(Image-caption web data)

+++

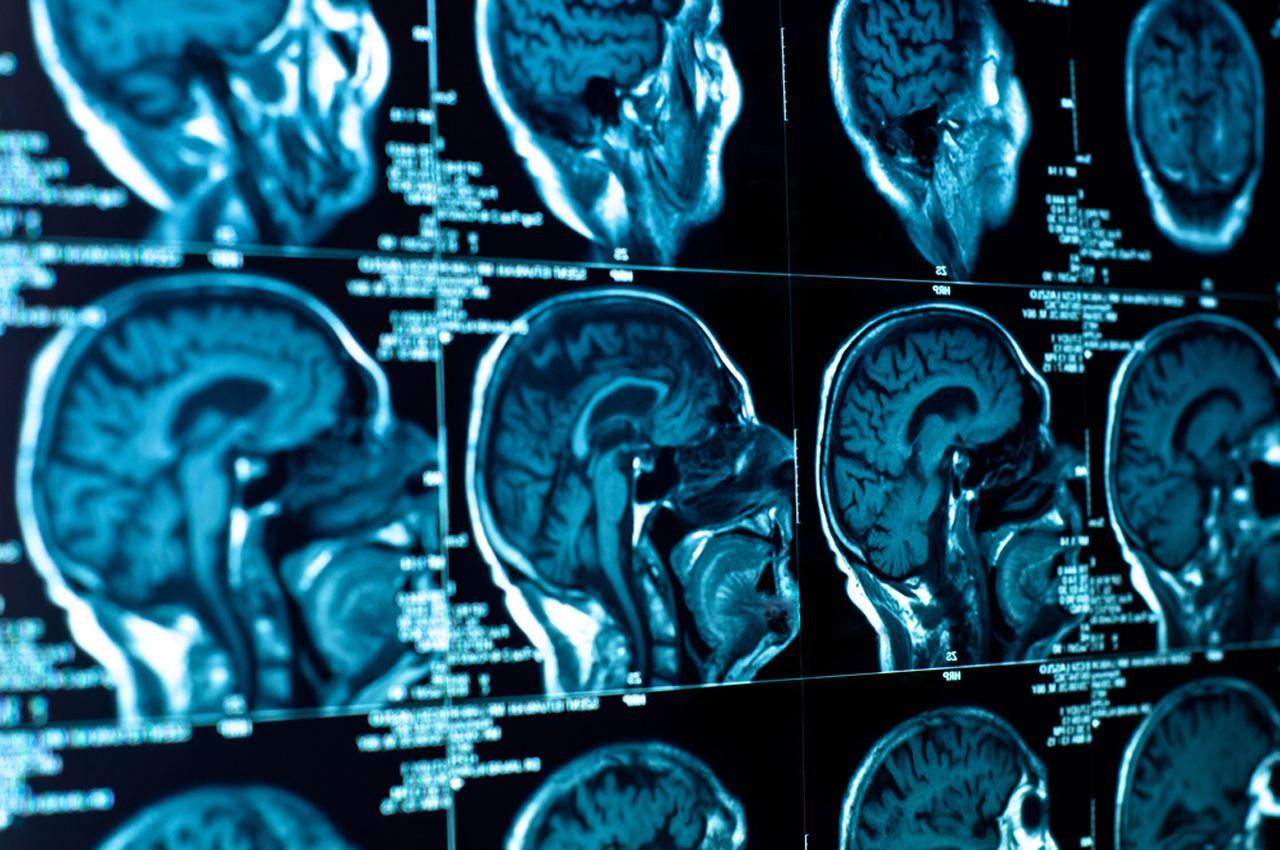 Neuro Medical Wallpaper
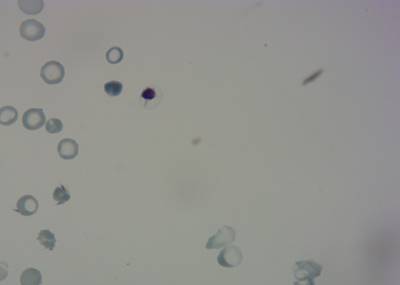 Sample image from P. Vivax (Malaria) Infected Human Blood Smears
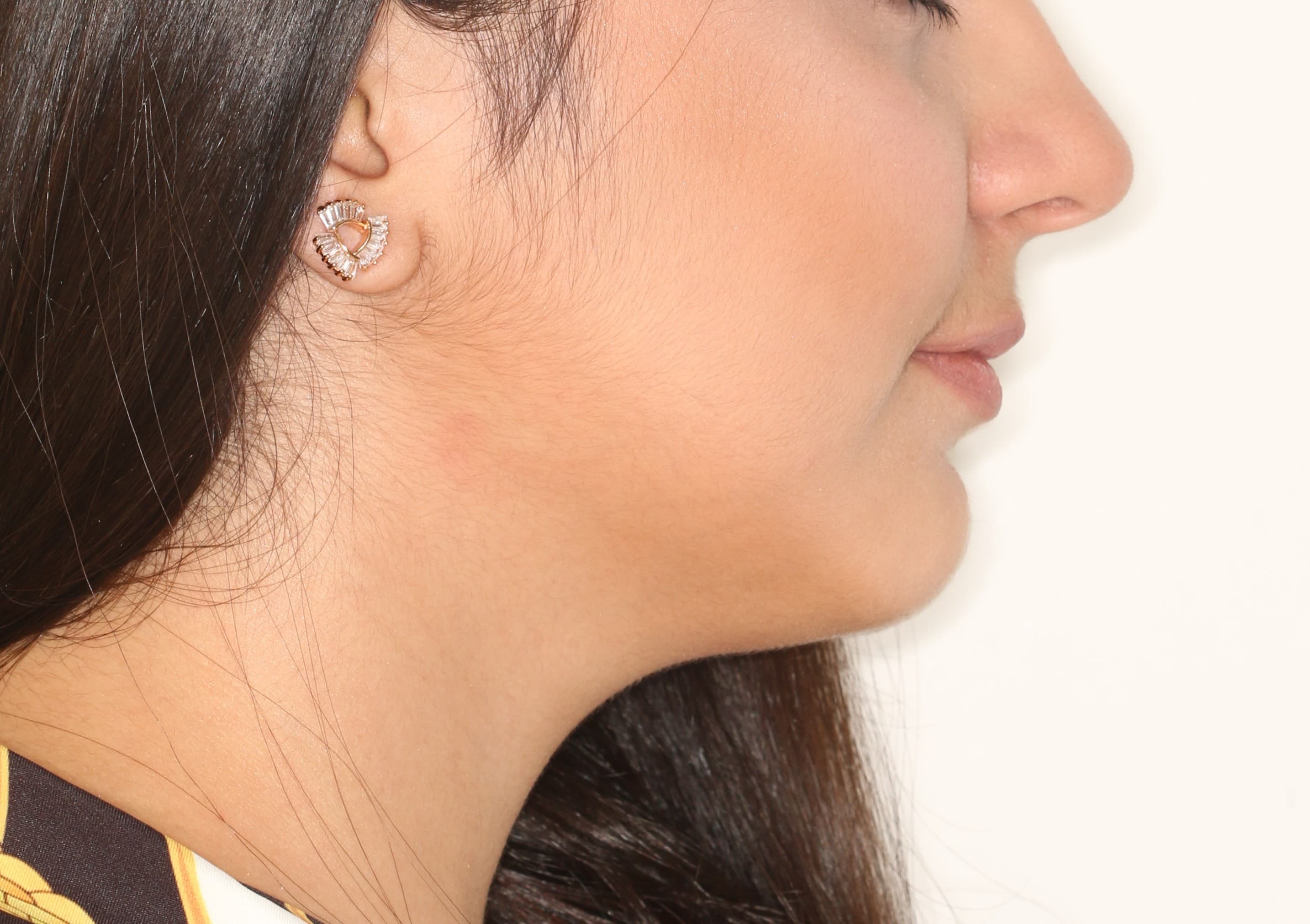 Case 1 Face Side view After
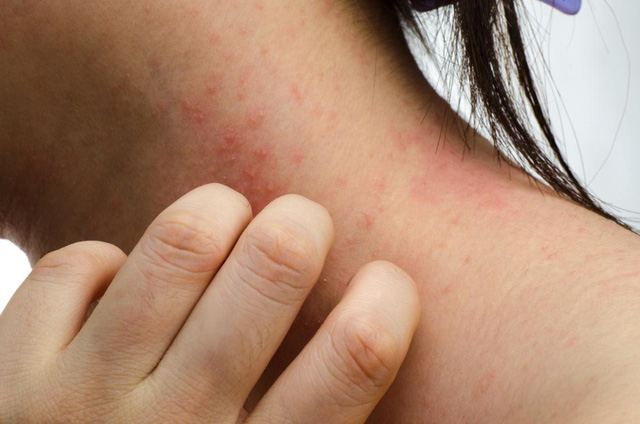 Cẩn trọng với triệu chứng dị ứng thuốc nhuộm tóc - Ảnh 1.
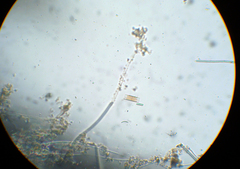 Bacillariophyceae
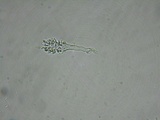 Acanthobasidium penicillatum image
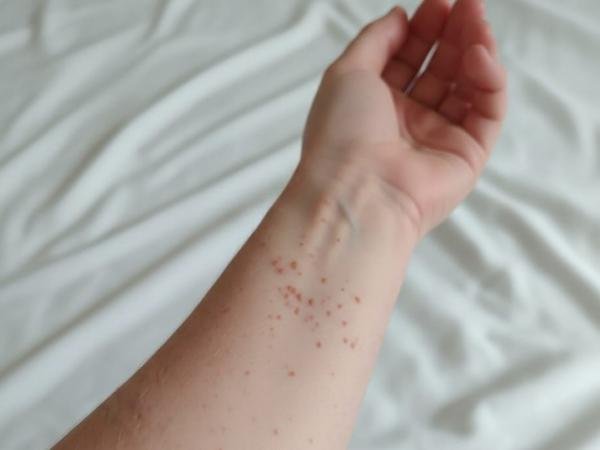 Suben a cuatro los casos de sarampión en Puebla; detectan contagios en Cholula y Chignahuapan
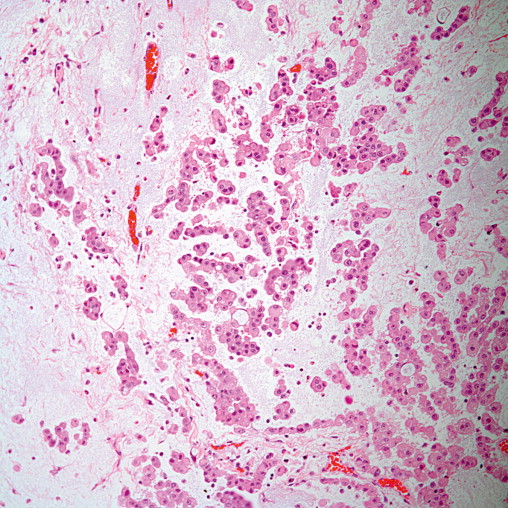 Tumors Of The Pleura | Thoracic Key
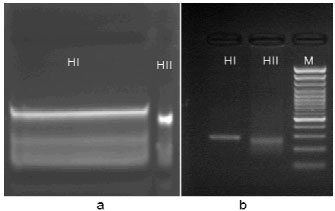 Image for - Cloning and Expression of Two Genes Encoding Subunits of Echinococcus granulosus Antigen B.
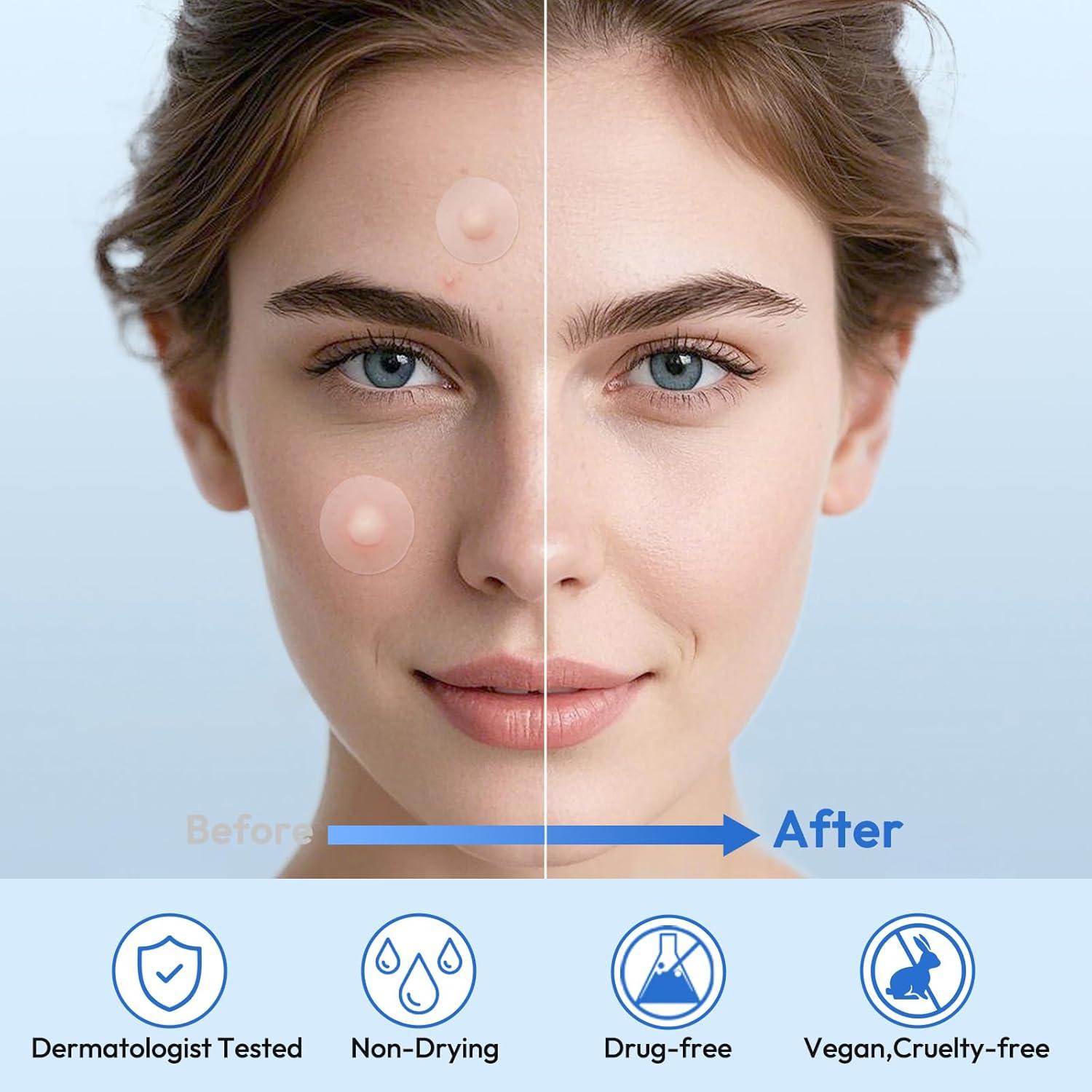 Parche Hidrocoloide para Espinillas Breiboz - 331 Parches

+++

**ACTION ITEM**
From the first line to the last, set down the records above exactly and skip the pictures.

**TASK SOLUTION**
 Neuro Medical Wallpaper
 Sample image from P. Vivax (Malaria) Infected Human Blood Smears
 Case 1 Face Side view After
 Cẩn trọng với triệu chứng dị ứng thuốc nhuộm tóc - Ảnh 1.
 Bacillariophyceae
 Acanthobasidium penicillatum image
 Suben a cuatro los casos de sarampión en Puebla; detectan contagios en Cholula y Chignahuapan
 Tumors Of The Pleura | Thoracic Key
 Image for - Cloning and Expression of Two Genes Encoding Subunits of Echinococcus granulosus Antigen B.
 Parche Hidrocoloide para Espinillas Breiboz - 331 Parches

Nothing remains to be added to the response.